Nov 28, 2016 05:17 AM EST

It appears there's more to culture than just "generations" and "millennials." Scientists have discovered that despite "end-of-year" lists and 2016's "post-truth" as Oxford Dictionary's word of the year, certain words just function for 14 years at a time.

This interesting find came from a study of the University of Manchester, UK and Argentina's National Council for Scientific and Technical Research. 

Researchers Marcelo Montemurro and Damian Zanette analyzed the popularity of 5,630 common nouns over the course of the last three centuries.

According to New Scientist, they wrote a code that lets Google Ngram scan through the words across its database of five million digitized books. They ranked the nouns in order of popularity and tracked the changes from the year 1700 to 2008.

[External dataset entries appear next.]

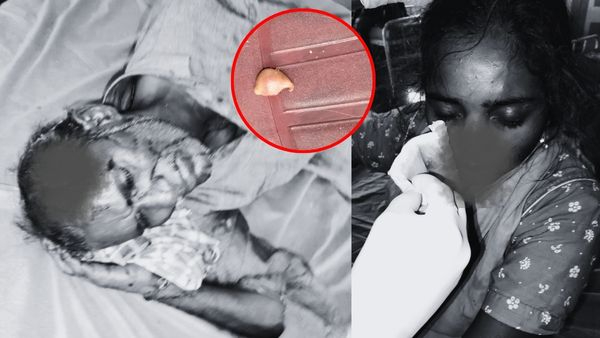 Dowry Harassment Turns Violent in Mancherial Man Bites Off Wife s Nose Police Register Criminal Case Dowry Harassment Turns Violent in Mancherial Man Bites Off Wife s Nose Police Register Criminal Case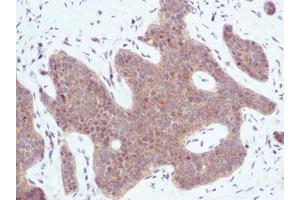 Image no. 2 for anti-Chemokine (C-X-C Motif) Ligand 10 (CXCL10) antibody (ABIN465011) (CXCL10 抗体)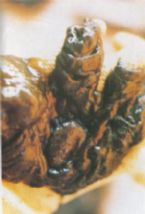 Mucoid Plaque. Photo from Dr. Jensen's  Bowel Management Book ... (Click to enlarge)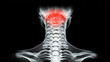 © Marketplace - X-ray image showing the human cervical spine with highlighted area indicating potential injury or discomfort at the neck region.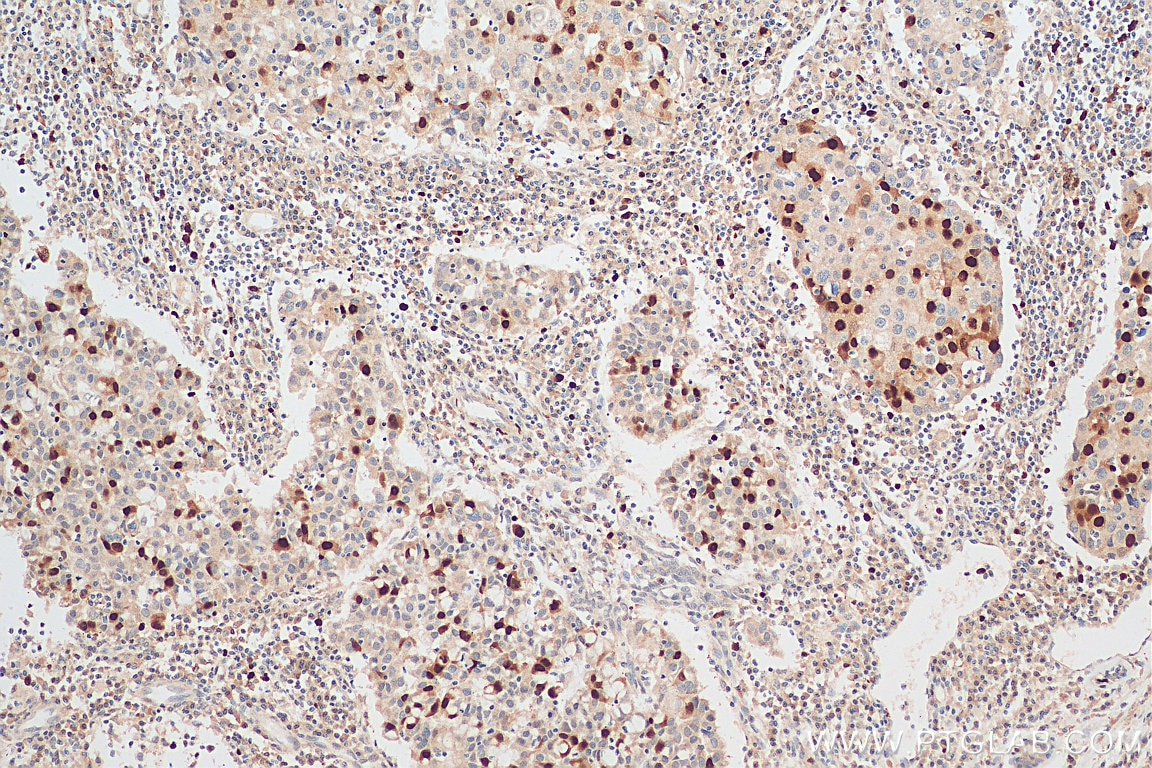 IHC staining of human breast cancer using 18202-1-AP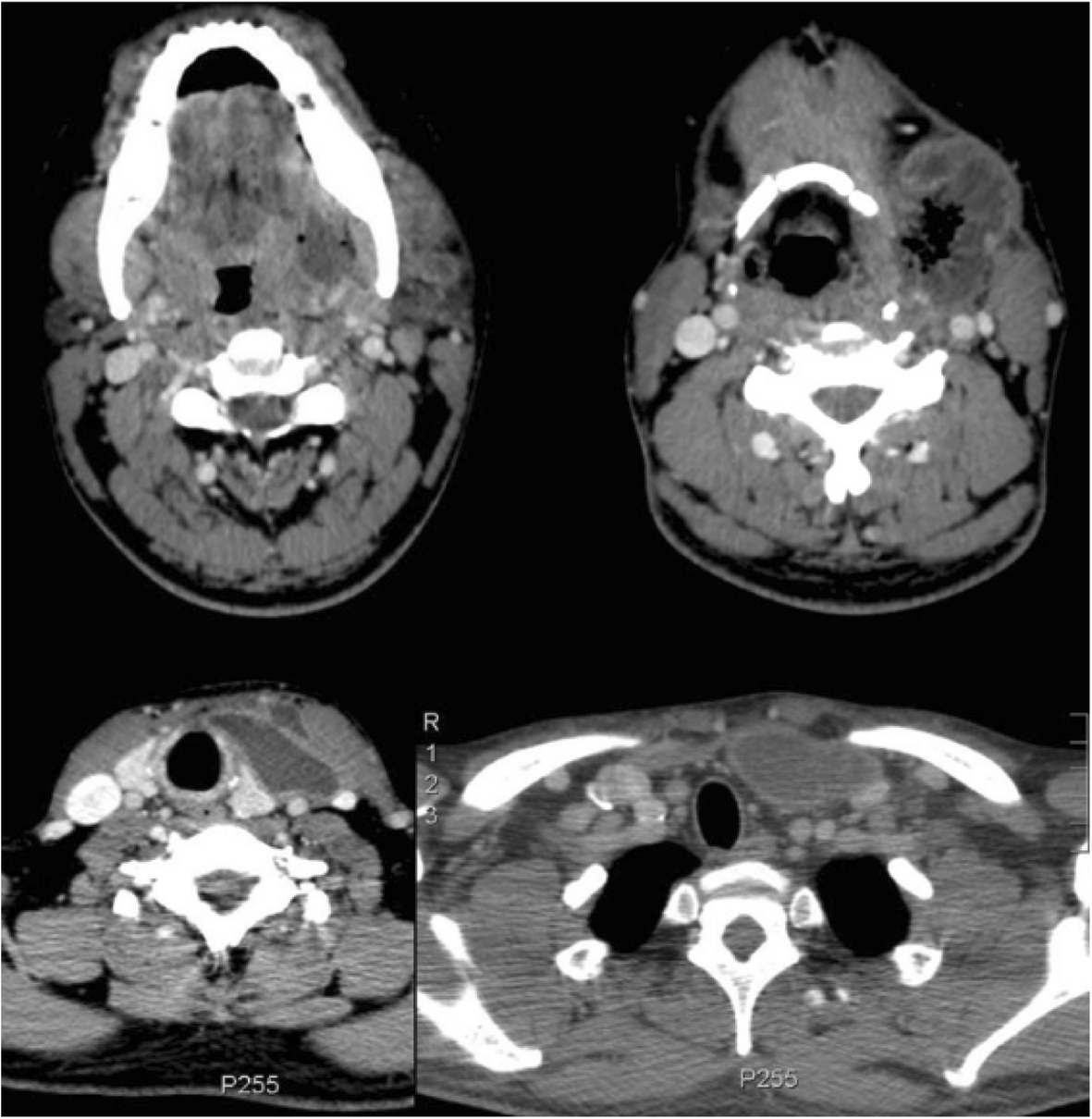 Fig. 1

Interestingly, they found out that English words rose and fell out of popularity in cycles of 14 years. This increased with one to two years over the past century. The same trend has been found in other words in French, German, Russian, Italian, and Spanish. Related nouns such as king, queen, and duchess even rose and fell over time.

Some words coincided with historical events, such as the two world wars. While the reasons for these is unclear, Montemurro said it might be because of political trends. 

Their research suggests that language does evolve according to the pattern, like how genes are transferred to children. However, future research will have to rule out to the possibility of statistical flukes with the data. 

However, the reason why the trends only last for a period of 14 years is a strange phenomenon. Earlier studies also suggest that baby names rise and fall out of popularity for about a generation. However, Montemurro thinks the 14-year cycles have more to do than just chance.

Regardless, future studies about this phenomenon may open up vast possibilities about human behavior and the nature of fashion and trends.